She suddenly looked like a cat with a mouse between her paws. "That's convenient for me. The Queen said she would have a guardsman accompany me on my journey home. I'll take you." It was a challenge flung down.

"I am not free to go, my lady." It sounded like an excuse and I hastily added, "I take over your duties, as you have guessed. I act as go-between for Lord Chade, Prince Dutiful, and our gracious queen."

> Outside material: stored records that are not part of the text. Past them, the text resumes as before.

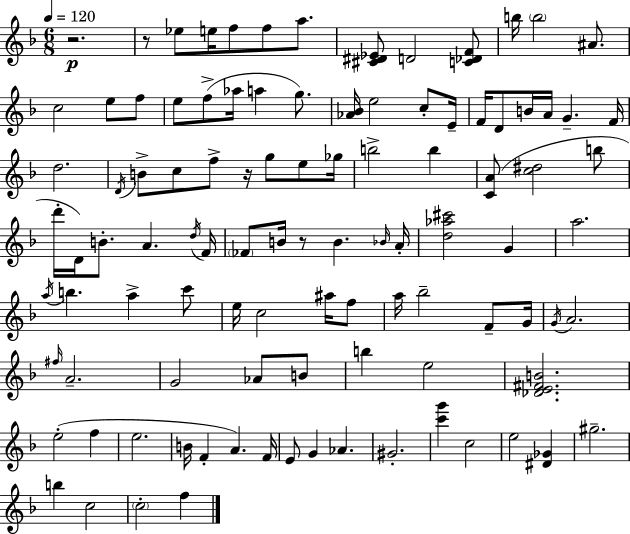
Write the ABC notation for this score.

X:1
T:Untitled
M:6/8
L:1/4
K:Dm
z2 z/2 _e/2 e/4 f/2 f/2 a/2 [^C^D_E]/2 D2 [C_DF]/2 b/4 b2 ^A/2 c2 e/2 f/2 e/2 f/2 _a/4 a g/2 [_A_B]/4 e2 c/2 E/4 F/4 D/2 B/4 A/4 G F/4 d2 D/4 B/2 c/2 f/2 z/4 g/2 e/2 _g/4 b2 b [CA]/2 [c^d]2 b/2 d'/4 D/4 B/2 A d/4 F/4 _F/2 B/4 z/2 B _B/4 A/4 [d_a^c']2 G a2 a/4 b a c'/2 e/4 c2 ^a/4 f/2 a/4 _b2 F/2 G/4 G/4 A2 ^f/4 A2 G2 _A/2 B/2 b e2 [_DE^FB]2 e2 f e2 B/4 F A F/4 E/2 G _A ^G2 [c'g'] c2 e2 [^D_G] ^g2 b c2 c2 f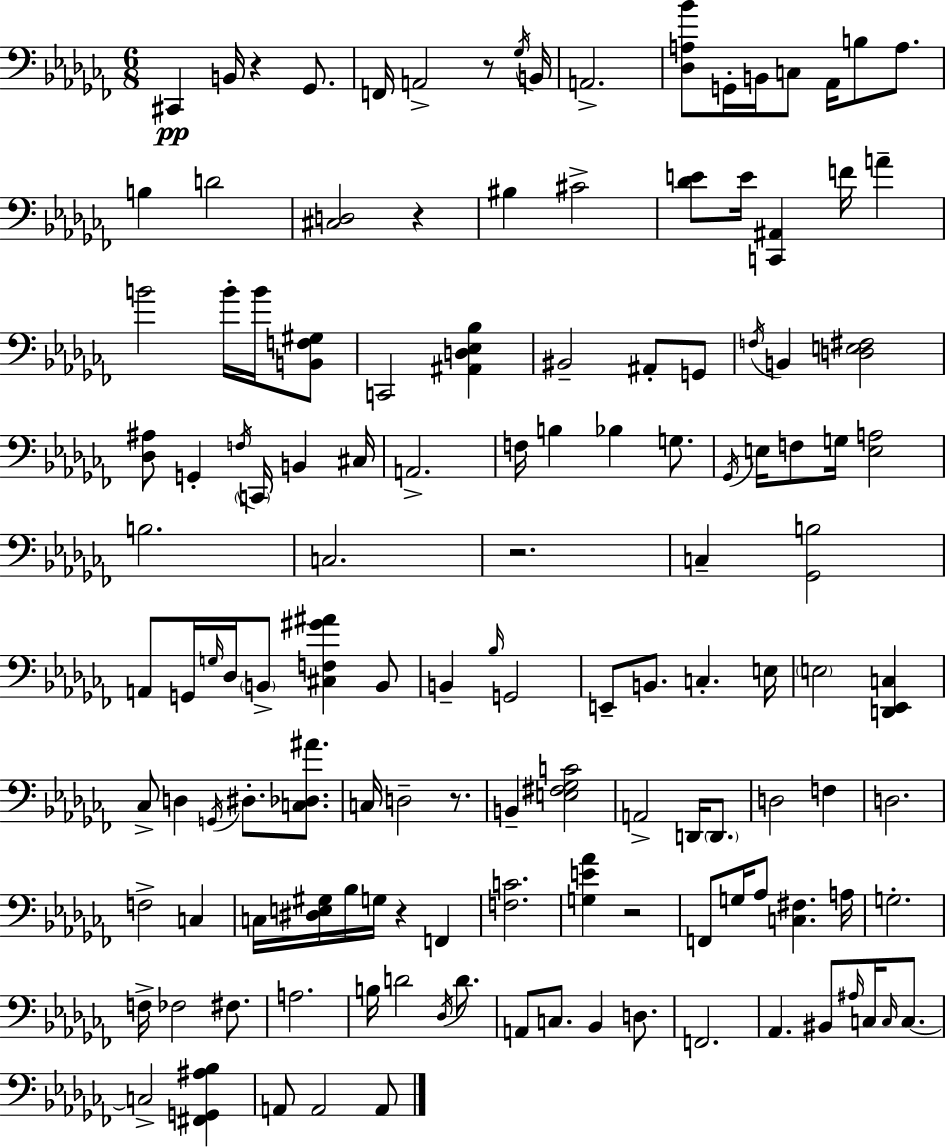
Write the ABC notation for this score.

X:1
T:Untitled
M:6/8
L:1/4
K:Abm
^C,, B,,/4 z _G,,/2 F,,/4 A,,2 z/2 _G,/4 B,,/4 A,,2 [_D,A,_B]/2 G,,/4 B,,/4 C,/2 _A,,/4 B,/2 A,/2 B, D2 [^C,D,]2 z ^B, ^C2 [_DE]/2 E/4 [C,,^A,,] F/4 A B2 B/4 B/4 [B,,F,^G,]/2 C,,2 [^A,,D,_E,_B,] ^B,,2 ^A,,/2 G,,/2 F,/4 B,, [D,E,^F,]2 [_D,^A,]/2 G,, F,/4 C,,/4 B,, ^C,/4 A,,2 F,/4 B, _B, G,/2 _G,,/4 E,/4 F,/2 G,/4 [E,A,]2 B,2 C,2 z2 C, [_G,,B,]2 A,,/2 G,,/4 G,/4 _D,/4 B,,/2 [^C,F,^G^A] B,,/2 B,, _B,/4 G,,2 E,,/2 B,,/2 C, E,/4 E,2 [D,,_E,,C,] _C,/2 D, G,,/4 ^D,/2 [C,_D,^A]/2 C,/4 D,2 z/2 B,, [E,^F,_G,C]2 A,,2 D,,/4 D,,/2 D,2 F, D,2 F,2 C, C,/4 [^D,E,^G,]/4 _B,/4 G,/4 z F,, [F,C]2 [G,E_A] z2 F,,/2 G,/4 _A,/2 [C,^F,] A,/4 G,2 F,/4 _F,2 ^F,/2 A,2 B,/4 D2 _D,/4 D/2 A,,/2 C,/2 _B,, D,/2 F,,2 _A,, ^B,,/2 ^A,/4 C,/4 C,/4 C,/2 C,2 [^F,,G,,^A,_B,] A,,/2 A,,2 A,,/2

"Surely Thick could do that."

"His magic is strong, but he has his limits, my lady."

"My lady!" she muttered disdainfully. "And what shall I call you, then? Lord Wolf?" She shook her head, exasperated with me. "I know you are telling me the truth. Worse luck for me." Her shoulders slumped suddenly, and her youth and grief were more apparent. "It is not an easy tale I bring home to my mother and brothers. But they deserve to know the manner of our father's death. And that Swift did not abandon him." Without thinking, she lifted her hands and ran them through her shortened hair until it stood up in spires and peaks all over her head. "This magic of the Skill has not been an easy burden for me. It has s.n.a.t.c.hed me from my home, and kept me here when my mother needs me most." Turning to me accusingly, she demanded, "Why did you choose me, of all people, to give this magic to?"

It shocked me. "I didn't. I didn't choose you. You had it, you were born with the magic. And, for some reason, we connected. I didn't even realize you were there, watching my life, for a very long time."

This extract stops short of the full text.